Um traço considerado em comum é o fato de lavradores, (pequenos proprietários e trabalhadores rurais) reunirem-se em torno de um pregador: um leigo inspirado que percorre o interior organizando rezas e propagando a conversão dos pecadores e a preparação para novos tempos. O prestígio destes pregadores - que no Norte eram chamados de beatos e no sul de monges - em geral é grande e sua fama os precede nos lugares onde passam. O povo acorre para ouvir seus ensinamentos e para aconselhar-se ou receber as suas bênçãos. Em alguns casos, o pregador é também um rezador, “rezeiro”, ou “curador”: benze pessoas ou animais doentes, conhece orações fortes para abençoar plantações, receitas chás, e beberagens naturais contra doenças. Na medida do seu sucesso torna-se um “milagreiro”.

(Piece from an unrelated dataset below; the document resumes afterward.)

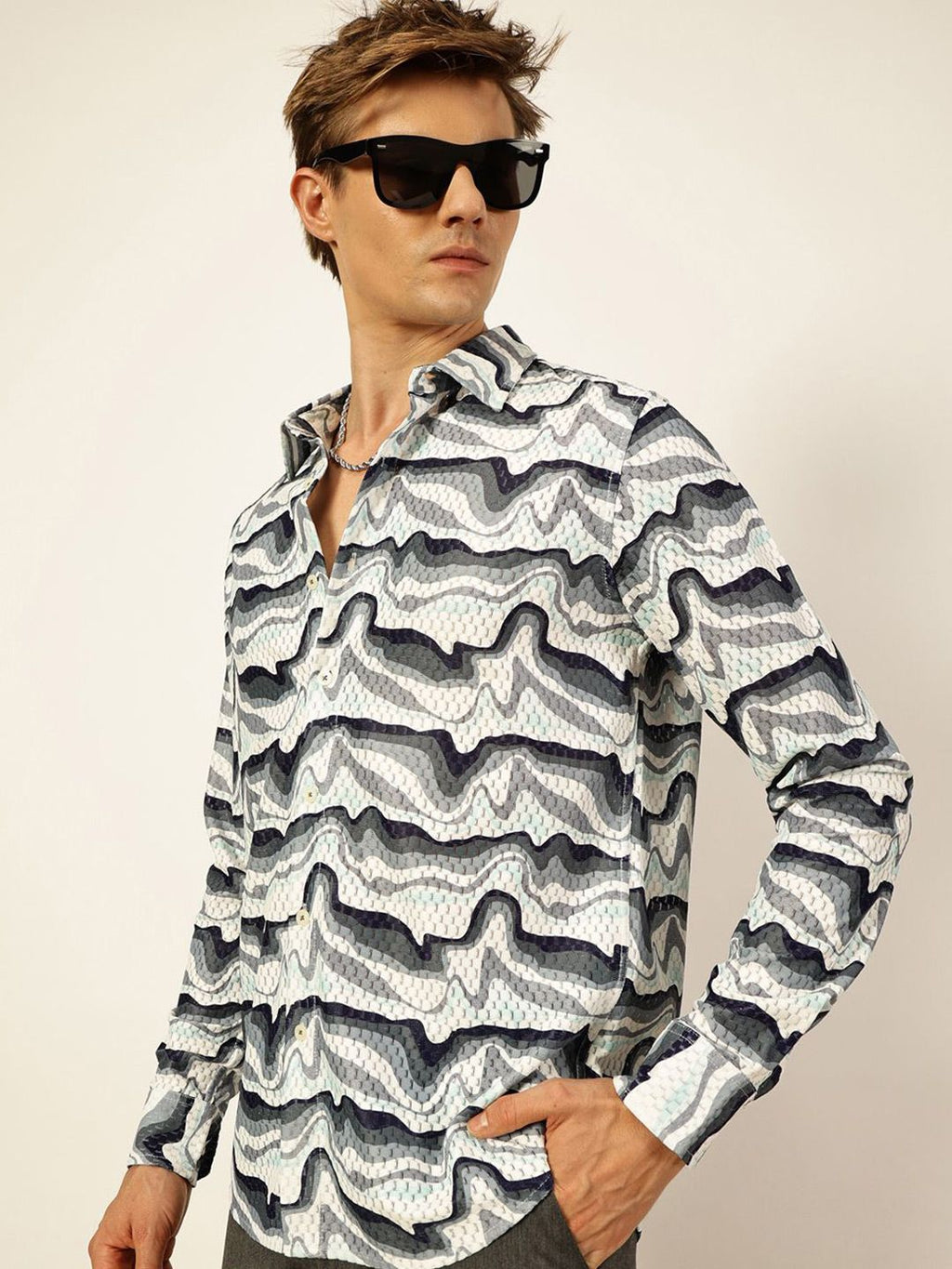 Green Premium Slim Fit Opaque Printed Casual Shirt For Men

Em alguns casos, os monges proporcionavam um ajuntamento informal: o grupo se constituía por ocasião de onde o pregador acampava e durava pelo tempo do acampamento, conforme se deu com os monges do João Maria e José Maria ligados ao Contestado no Sul. Algo semelhante ocorreu entre os mais carismáticos do clero que também realizavam peregrinações pelo interior, conforme o caso do padre Mestre Ibiapina, o famoso sacerdote Cearense que realizou várias tentativas para congregações religiosas nacionais no Sertão nordestino, organizando comunidades permanentes de mulheres que faziam votos de castidade e prestavam serviço aos pobres. Em ambos os casos, tantos os leigos “incultos”, quanto os sacerdotes eram encarados com extrema desconfiança pela hierarquia. Essas

manifestações religiosas são classificadas como “Catolicismo Rústico” e foram abordadas sob o prisma do messianismo (FERES 1990:214, citando TEIXEIRA e QUEIROZ).

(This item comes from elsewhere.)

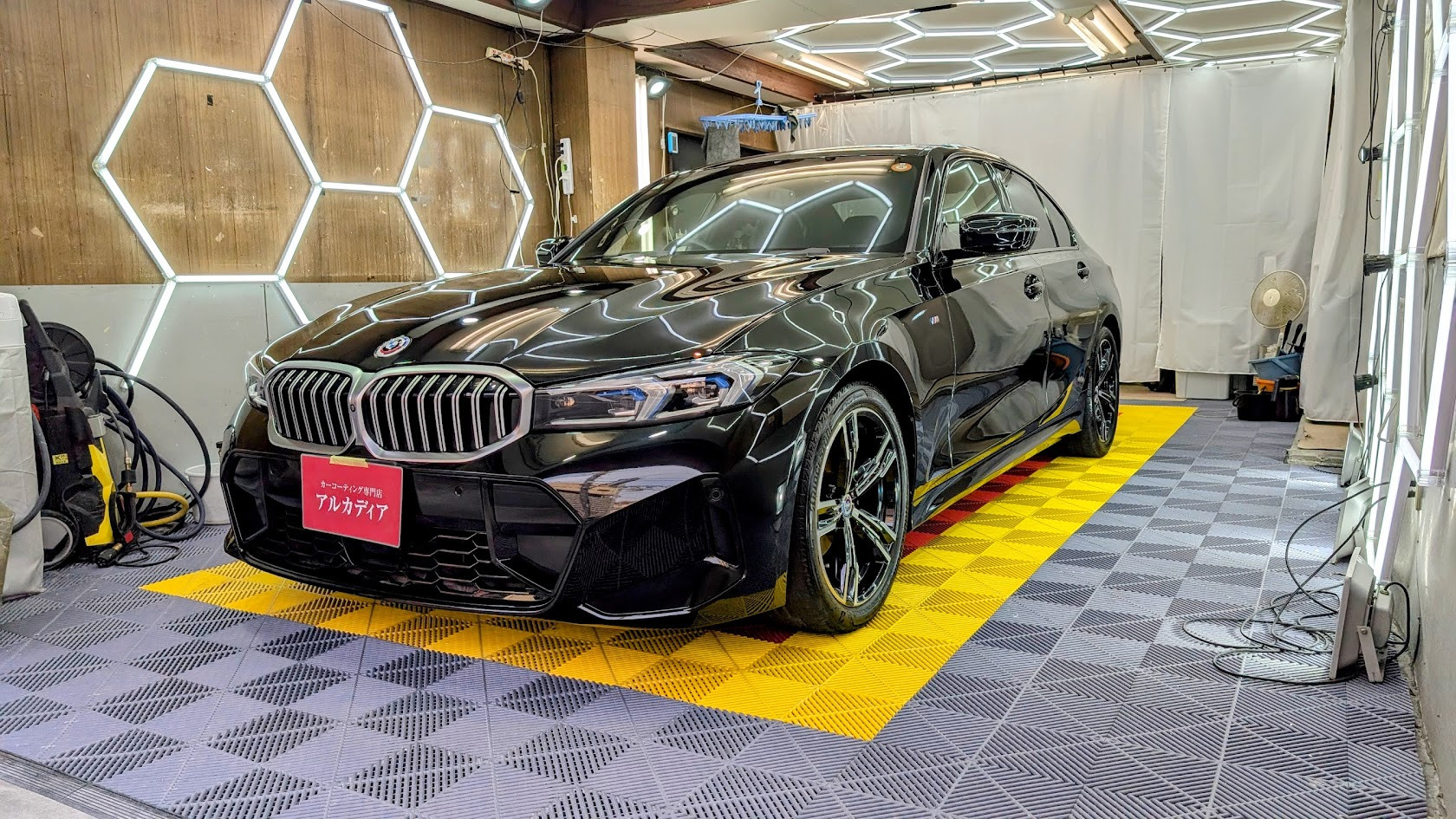 BMW・318iMスポーツ(経年車コース)　アンビエントガラスコーティング　東京都板橋区からお越しいただきました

As “Santas Missões” (especialmente as do padre Ibiapina e frei Damião) eram relativamente raras no passado, mas marcavam profundamente a vida das populações interioranas. Foi através das missões que a maioria dos católicos, naquela época, pôde ter contato com a Igreja oficial.

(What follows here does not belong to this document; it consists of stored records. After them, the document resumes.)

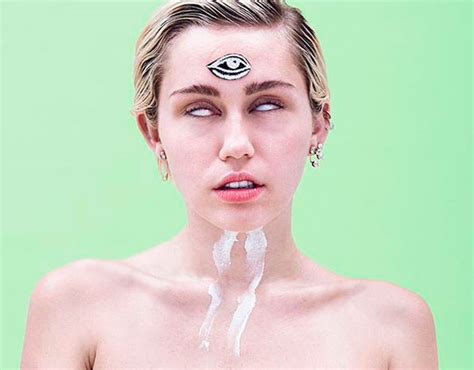 Las Fotos De Miley Cyrus Desnuda Con Su Cerda Para Paper Cromosomax
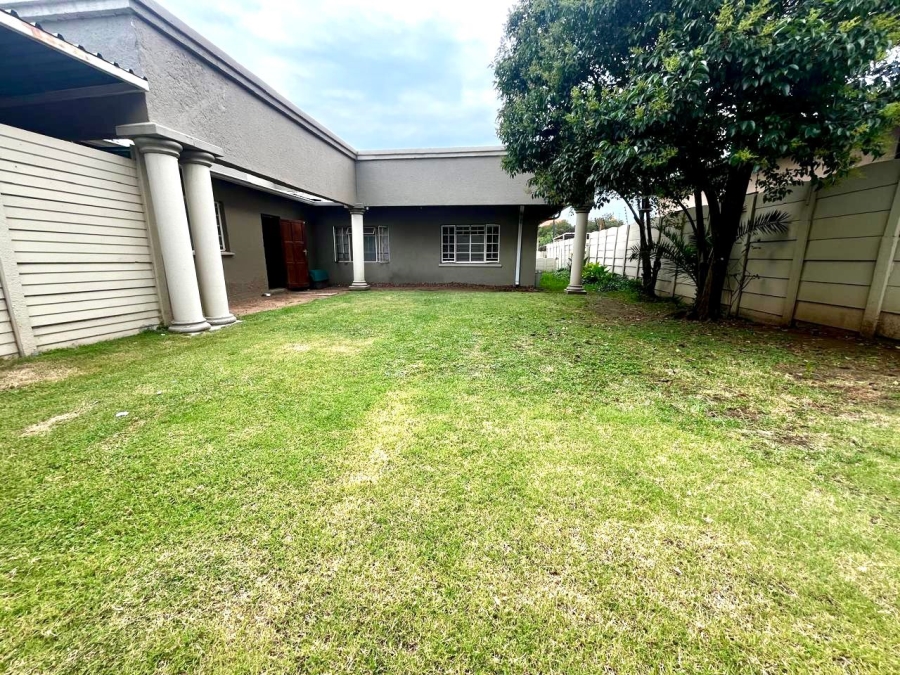 4 Bedroom Property for Sale in Comet Gauteng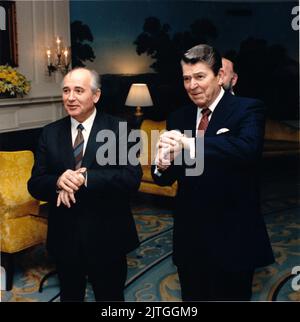 Washington, United States Of America. 11th Jan, 2010. United States President Ronald Reagan and General Secretary of the Communist Party of the Soviet Union Mikhail Sergeyevich Gorbachev check the time in the Diplomatic Reception Room of the White House in Washington, DC on Wednesday, December 9, 1987. The President referred to this situation during an interview with columnists in the afternoon.Mandatory Credit: Bill Fitz-Patrick - White House via CNP/Sipa USA Credit: Sipa USA/Alamy Live News Stock Photo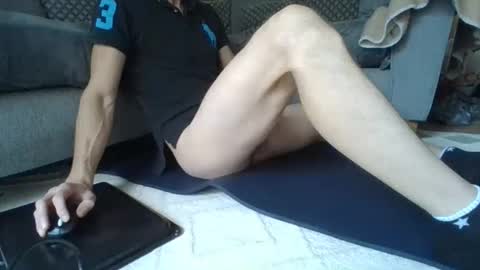 fuckbeatb online show from September 18, 2025, 9:11 am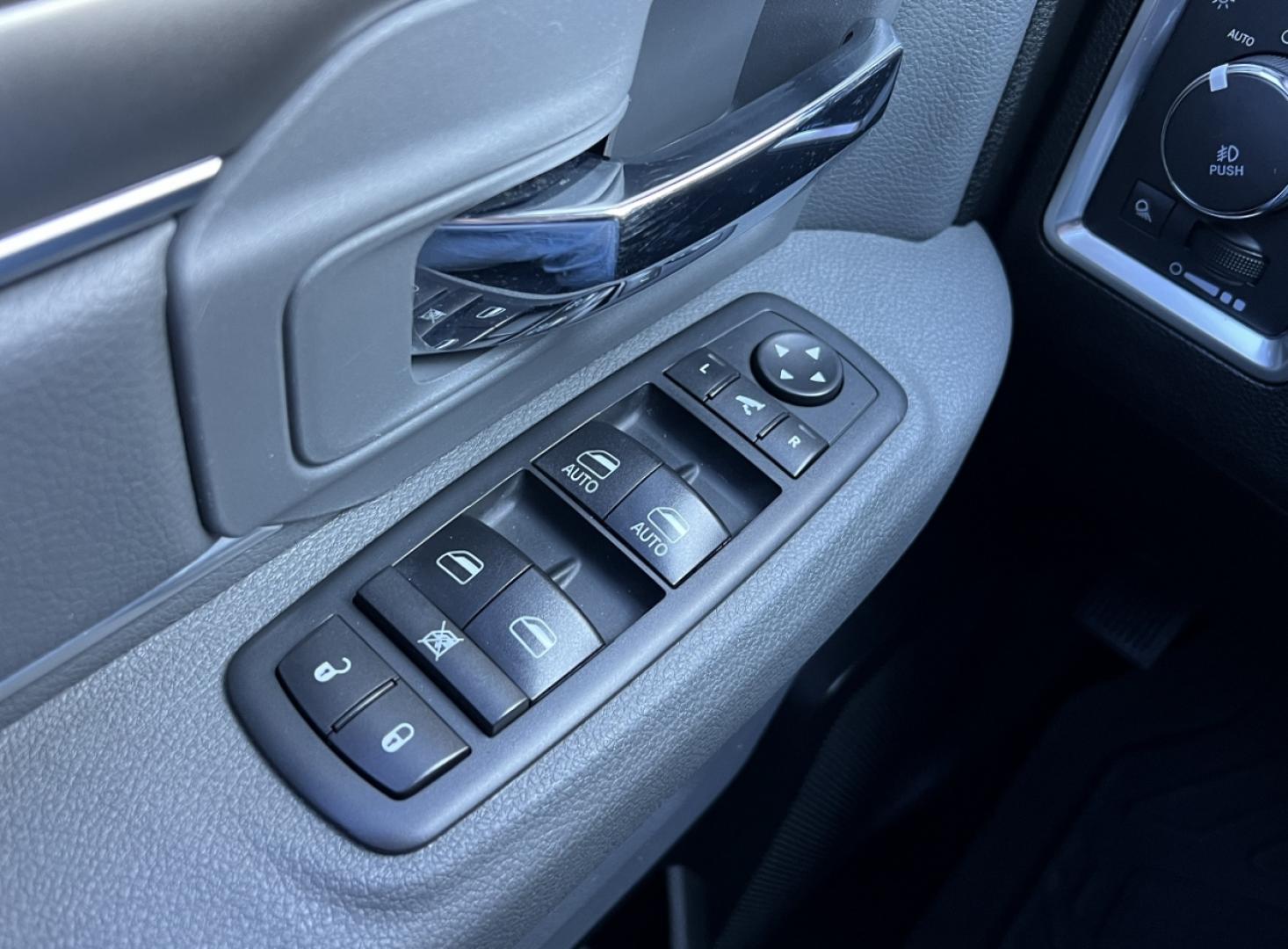 2019 WHITE /Gray RAM 1500 SLT Crew Cab SWB 4WD (1C6RR7LT9KS) with an 5.7L V8 engine, Automatic transmission, located at 2990 Old Orchard Rd., Jackson, MO, 63755, 37.354214, -89.612106 - 2019 Ram 1500 Classic Big Horn 120xxx miles 4x4 5.7L V8 HEMI Automatic Backup Camera Power Driver Seat Bluetooth Remote Start Cruise Power Windows/Locks/Mirrors We have financing available and we accept trades! Fill out a credit application on our website or come by today! If you have an - Photo#28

Atuando como “beatos”, os curadores chegaram a ter uma estima especial diante da população; às vezes eram mais respeitados que o clero. Se o beato falava a linguagem do povo, o rezador acompanha o povo em seus momentos cruciais, entende seus anseios e sentimentos e fornece orientações e remédios. Frei Damião, apesar de representar um lado conservador da Igreja Católica, se situa entre estes dois mundos, da Instituição e do povo. Mesmo com sua linguagem conservadora ele se aproxima do contingente popular e ganha popularidade. Sua mensagem é recebida não como paradoxo, mas como algo que transforma o sofrimento em graça.